You accuse me of making naked assertions when you are guilty of making the mother of all naked assertions - that God exists. Your evidence "proving me wrong" was a lengthy non-argument invoking false issues like Pretended Neutrality and Special Revelation, without proving the relevancy of either to your argument. You even have the nerve to attack the very nature of logic and reason as sources of attaining knowledge, which is not surprising. Your entire argument depends on what I have been talking about the whole time – FAITH.

Finally, you define a poor representation of Christianity as any that is not your own. My argument as to the weakness of your own position has been presented. It is not my fault that you continue to ignore it.

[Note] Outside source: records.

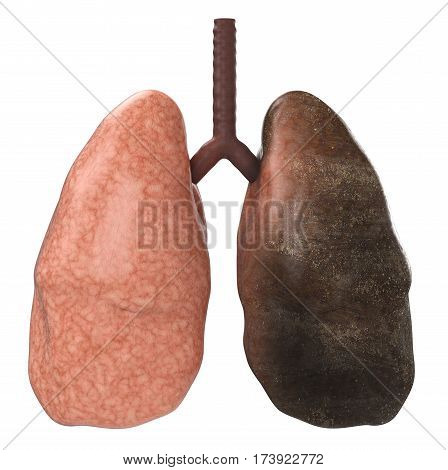 Good And Bad Lungs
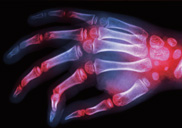 ����Ƽ�������� VS ���༺������
��� �ٸ���?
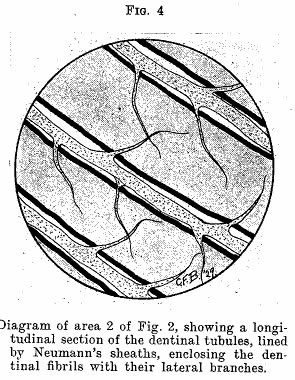 dentin tubules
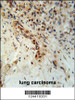 DCLRE1C Antibody immunohistochemistry analysis in formalin fixed and paraffin embedded human lung carcinoma followed by peroxidase conjugation of the secondary antibody and DAB staining.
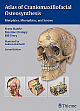 Atlas of Craniomaxillofacial Osteosynthesis: Microplates, Miniplates and Screws 2nd Edition 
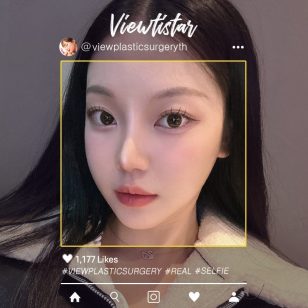 [โครงหน้า 3 จุด + แก้จมูก] Song Gayoung | Plastic Surgery Korea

NOTE: Rather than continue this debate to nowhere I am taking the final word in it. This blog was not created to debate endlessly with theists who will never be convinced of their own foolishness, but is geared towards those who respect human reason and value human life outside of ridiculous supersition and blind faith. I am done humoring you.

Then, take a look at the comment that is in place now!

sean: Thank you. Likewise for your additions to my original points. You would think an all-powerful deity would be able to heal amputees, even once.

paul: Nice. That quote would also fit quite nicely in my previous post about how religion trivializes morality.

I love it - he deleted the whole thing and then posted his response to his fawning yes-men. Cool, man. You know, you may not like this blog, my ideas, or me, but you have to respect the courage to leave it all out on the table rather than deleting thoughts from others. AC loves to rip the current administration for its curtailing of freedom. He champions free thought and free expression elsewhere. Just not on his blog.
I can see why he deleted it. His arguments are a sham and fail to follow my points in many cases. He's not a deep thinker; just take a look at his first post that he touts and from which he pulls content in his first comment for evidence of that.

For his actions, he earns a place on the Wall of Shame on the sidebar. A pitiful performance from a fairly well-known atheist blog.